3. Retail & E-Commerce — Advantage: Split (Amazon Connect gaining)

Retail is switching fast, but the winner here is increasingly Amazon Connect, which benefits from existing AWS infrastructure relationships. Retailers already running on AWS find the friction of adding Connect minimal. NICE and Five9 both compete here, but neither dominates. Twilio Flex, with its developer-first approach, captures retailers that want deep customization.

4. Business Process Outsourcing (BPO) — Advantage: Five9

BPOs are Five9's bread and butter. These high-volume operations prioritize per-seat economics and rapid scaling — Five9's core strengths. The company's enterprise segment represents 88% of subscription revenue, and BPOs are a major driver. NICE competes but its higher price point and enterprise-complexity positioning make it less attractive for cost-sensitive outsourcers.

The Profitability Gap Tells the Real Story

NICE's operating margin of 21.9% dwarfs Five9's 2.8%. This isn't just scale — it reflects fundamentally different business models:

Profitability MetricNICEFive9
Q4 2025 Operating Income$177M$22M
Q4 2025 Net Income$151M$20M
Q4 2025 Free Cash Flow$178M$77M
Gross Margin66.4%54.7%

NICE's consumption-based pricing model captures more value as AI interactions scale — the platform handles more interactions without proportional cost increases. Five9's seat-based model is more predictable but less leveraged to AI adoption. However, Five9's trajectory matters: operating income swung from -$15M in Q3 2024 to +$22M in Q4 2025, a dramatic turnaround driven by cost discipline and improving unit economics.

Who Actually Wins Vendor-Switching Deals?

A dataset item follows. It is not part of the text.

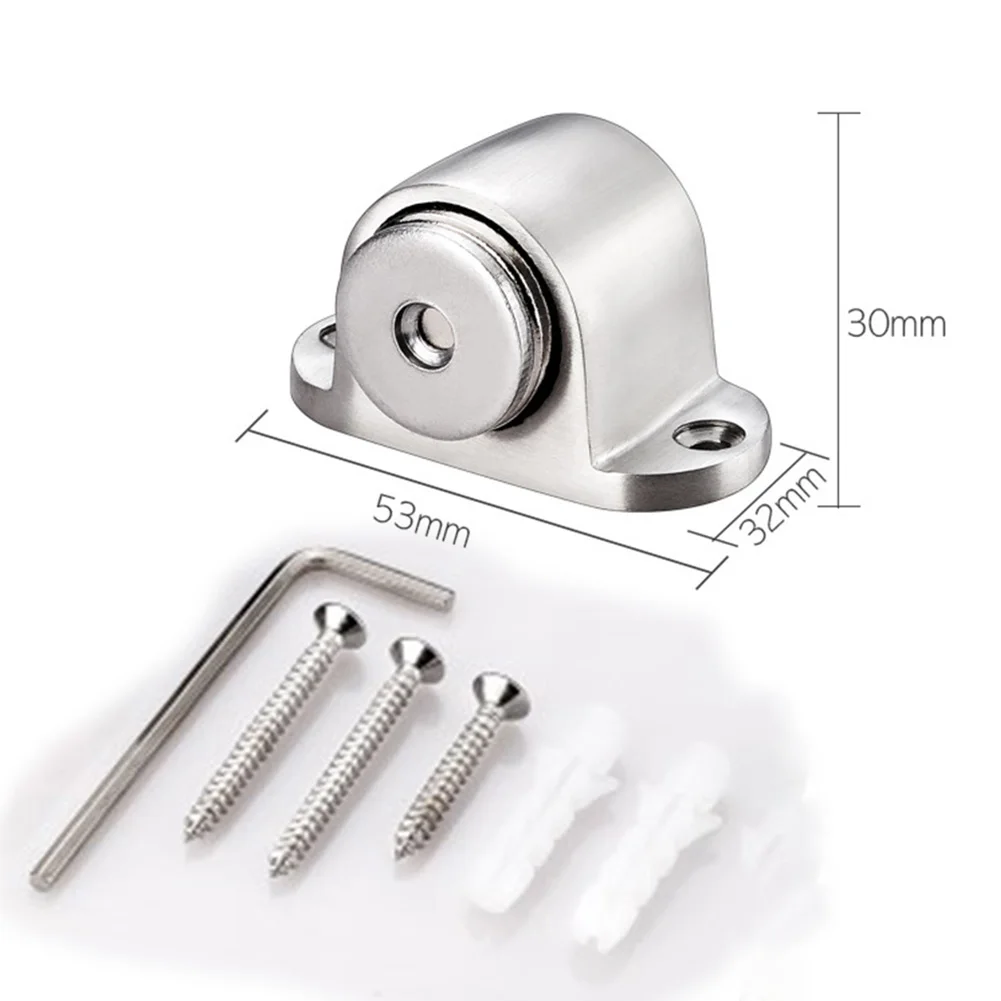 304 Stainless Steel Door Stop Holder Stops Stopper Catch Magnet Heavy Duty Magnetic Door Top Door Resistance Suction
304 Stainless Steel Door Stop Holder Stops Stopper Catch Magnet Heavy Duty Magnetic Door Top Door Resistance Suction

NICE wins enterprise-wide platform replacements. When a Fortune 500 company rips out Avaya or Genesys and wants a single platform for 10,000+ agents across multiple channels, NICE's CXone Mpower platform — with its Enlighten AI orchestration layer — is the default choice. Deal sizes increase 2-10x when customers migrate from legacy systems, with AI-enabled contracts showing 100% growth in average contract values above $1M.

Five9 wins departmental and mid-market deals. When a company wants to modernize a specific business unit or when a mid-market firm (500-5,000 agents) needs cloud contact center for the first time, Five9's faster time-to-value and lower total cost of ownership win out.

Twilio Flex wins developer-led, custom-build scenarios. Its 14.3% revenue growth (Q4 2025) reflects momentum across its broader CPaaS platform, but Flex specifically appeals to tech-forward companies that want to build bespoke contact center experiences.

Valuation and Investment Implications

MetricNICEFive9Twilio
Market Cap$7.4B$1.3B$19.2B
EV/Sales2.4x1.3x3.5x
Forward P/E11.0x5.3x23.4x
1-Year Return-14.5%-43.3%+22.1%
3-Year Revenue CAGR10.8%13.8%9.8%

NICE is the quality play. At 11x forward earnings with 22% operating margins and 66% gross margins, NICE trades at a significant discount to software peers. The dual revenue streams (customer engagement + financial crime) provide diversification. The stock's -14.5% one-year decline creates an entry point.

Five9 is the turnaround bet. At 5.3x forward P/E and 1.3x EV/Sales, Five9 is priced for distress — but the Q4 2025 profitability inflection and 13.8% three-year revenue CAGR suggest the market is too pessimistic. The risk: Five9 is subscale relative to NICE and faces increasing pressure from Amazon Connect at the low end.

What to Watch

  1. NICE's cloud mix — Currently 74% of revenue. Every percentage point toward 80%+ drives margin expansion.
  2. Five9's AI attach rate — At 9% of enterprise subscription revenue, this needs to hit 15%+ to meaningfully shift the margin profile.
  3. Amazon Connect pricing — AWS's willingness to subsidize CCaaS to drive broader cloud adoption is the biggest threat to both pure-play vendors.
  4. Next earnings: NICE Q1 2026 and Five9 Q1 2026 — Look for enterprise deal size trends and net retention rates.